I apply these mechanisms into different robotic platforms, such as humanoid robots, mobile platforms, micro-farming robots and underwater and marine drones (which I design and develop, see here for more details).
I have been involved in different European and German projects, including EU-FP7 Marie Curie ITN INTRO (Interactive Robotics), EU-FP7 EARS (Embodied Audition for Robots), EU-H2020 ROMI (Robotics for microfarms), DFG SPP The Active Self, EU-H2020 MSC IF Predictive Robots.
I am currently editing a book on “Self and Sense of Agency in Artificial Systems”. I am editor of a Research Topic on Re-enacting sensorimotor experience for cognition, in collaboration with Frontiers in Robotics and AI, Specialty Section: Humanoid Robotics.
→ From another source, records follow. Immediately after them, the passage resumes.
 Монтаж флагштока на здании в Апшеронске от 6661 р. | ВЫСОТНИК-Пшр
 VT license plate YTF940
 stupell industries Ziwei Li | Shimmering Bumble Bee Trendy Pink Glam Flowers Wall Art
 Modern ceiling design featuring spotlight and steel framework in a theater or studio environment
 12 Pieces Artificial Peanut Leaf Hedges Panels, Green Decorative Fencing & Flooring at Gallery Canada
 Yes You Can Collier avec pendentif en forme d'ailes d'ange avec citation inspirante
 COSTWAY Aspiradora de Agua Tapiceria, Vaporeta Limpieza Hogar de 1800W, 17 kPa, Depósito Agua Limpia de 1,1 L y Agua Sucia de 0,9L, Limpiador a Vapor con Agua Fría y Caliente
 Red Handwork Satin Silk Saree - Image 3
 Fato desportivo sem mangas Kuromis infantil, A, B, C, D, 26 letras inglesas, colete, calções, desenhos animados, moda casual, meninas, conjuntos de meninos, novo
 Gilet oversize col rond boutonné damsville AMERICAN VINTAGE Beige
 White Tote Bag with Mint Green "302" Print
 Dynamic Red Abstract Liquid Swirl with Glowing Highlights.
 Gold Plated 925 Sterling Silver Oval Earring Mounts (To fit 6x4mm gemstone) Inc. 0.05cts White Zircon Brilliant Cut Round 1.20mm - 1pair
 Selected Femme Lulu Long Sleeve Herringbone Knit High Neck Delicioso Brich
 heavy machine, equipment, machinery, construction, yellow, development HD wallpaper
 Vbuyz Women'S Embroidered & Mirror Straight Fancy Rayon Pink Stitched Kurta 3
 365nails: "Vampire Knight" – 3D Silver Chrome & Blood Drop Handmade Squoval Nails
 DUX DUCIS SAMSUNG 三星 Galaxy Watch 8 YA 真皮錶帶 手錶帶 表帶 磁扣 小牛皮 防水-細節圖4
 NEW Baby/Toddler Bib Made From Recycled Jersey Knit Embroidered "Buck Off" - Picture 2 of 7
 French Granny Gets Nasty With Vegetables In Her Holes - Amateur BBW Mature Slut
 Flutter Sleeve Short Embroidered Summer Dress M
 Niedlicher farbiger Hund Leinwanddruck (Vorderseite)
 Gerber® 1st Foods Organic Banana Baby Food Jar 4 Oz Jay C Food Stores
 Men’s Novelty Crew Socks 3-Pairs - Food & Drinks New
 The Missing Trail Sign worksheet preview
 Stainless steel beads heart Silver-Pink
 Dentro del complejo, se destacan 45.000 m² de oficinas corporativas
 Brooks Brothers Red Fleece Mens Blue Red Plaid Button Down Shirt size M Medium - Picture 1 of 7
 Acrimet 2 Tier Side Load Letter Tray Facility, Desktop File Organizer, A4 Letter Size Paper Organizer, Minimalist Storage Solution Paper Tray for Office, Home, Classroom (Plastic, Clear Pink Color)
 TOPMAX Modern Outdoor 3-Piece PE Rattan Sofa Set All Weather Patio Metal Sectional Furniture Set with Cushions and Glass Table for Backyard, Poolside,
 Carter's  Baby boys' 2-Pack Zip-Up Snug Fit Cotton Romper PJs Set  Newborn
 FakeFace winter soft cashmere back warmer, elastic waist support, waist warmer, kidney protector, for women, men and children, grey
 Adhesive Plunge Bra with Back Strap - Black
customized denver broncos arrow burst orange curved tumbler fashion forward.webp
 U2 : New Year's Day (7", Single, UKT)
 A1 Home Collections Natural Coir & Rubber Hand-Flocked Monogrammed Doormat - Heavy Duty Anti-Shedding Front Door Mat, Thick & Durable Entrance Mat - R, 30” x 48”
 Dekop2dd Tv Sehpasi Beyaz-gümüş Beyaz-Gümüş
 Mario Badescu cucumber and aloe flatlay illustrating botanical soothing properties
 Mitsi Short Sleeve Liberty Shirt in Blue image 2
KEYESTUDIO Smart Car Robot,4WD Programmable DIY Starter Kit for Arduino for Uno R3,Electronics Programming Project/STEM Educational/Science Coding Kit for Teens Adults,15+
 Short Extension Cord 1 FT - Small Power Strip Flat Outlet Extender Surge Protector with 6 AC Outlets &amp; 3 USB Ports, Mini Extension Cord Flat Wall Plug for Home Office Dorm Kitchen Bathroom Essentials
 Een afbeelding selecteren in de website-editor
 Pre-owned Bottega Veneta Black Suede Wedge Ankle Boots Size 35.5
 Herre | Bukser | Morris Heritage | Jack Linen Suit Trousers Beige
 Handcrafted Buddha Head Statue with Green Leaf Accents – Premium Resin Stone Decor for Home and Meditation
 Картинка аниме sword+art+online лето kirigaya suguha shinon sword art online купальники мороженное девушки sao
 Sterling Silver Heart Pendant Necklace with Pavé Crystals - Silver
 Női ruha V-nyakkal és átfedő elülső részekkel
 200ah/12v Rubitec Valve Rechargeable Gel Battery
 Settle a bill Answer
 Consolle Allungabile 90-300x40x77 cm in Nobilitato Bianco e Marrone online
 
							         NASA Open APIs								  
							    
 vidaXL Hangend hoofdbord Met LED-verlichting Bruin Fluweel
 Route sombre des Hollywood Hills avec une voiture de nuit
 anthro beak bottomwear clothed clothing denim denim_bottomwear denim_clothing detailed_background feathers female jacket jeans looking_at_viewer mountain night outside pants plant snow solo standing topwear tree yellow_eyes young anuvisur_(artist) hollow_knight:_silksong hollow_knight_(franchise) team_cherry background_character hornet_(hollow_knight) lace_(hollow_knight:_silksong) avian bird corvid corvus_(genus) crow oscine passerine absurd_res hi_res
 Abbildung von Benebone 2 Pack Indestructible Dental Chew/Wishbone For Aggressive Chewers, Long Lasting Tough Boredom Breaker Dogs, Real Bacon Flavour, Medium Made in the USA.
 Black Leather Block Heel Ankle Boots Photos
I am a member of IEEE and EUCognition.
Projects
I have been granted with a EU-H2020 Marie Sklodowska Curie Individual Fellowship, currently running at the BioRobotics Institute of the Scuola Superiore Sant’Anna, Pisa, Italy.
I am involved in the EU-H2020 project on Robotics for Microfarms, ROMI, and in the “Prerequisites for an artificial Self” project funded by the German Priority Programme DFG SPP “The Active Self”.
Previous projects
Post-doc researcher in EU-FP7 project on Embodied Audition for RobotS, EARS. Ended in 2016.
EU-FP7 Marie Curie Initial Training Network (ITN) on INTeractive RObotics, INTRO, where I was appointed as an Early Stage Researcher. Ended in 2014.
Exploration Behaviour in Humans and Robots, funded by MatNat II, Humboldt-Universität zu Berlin. Ended in 2015.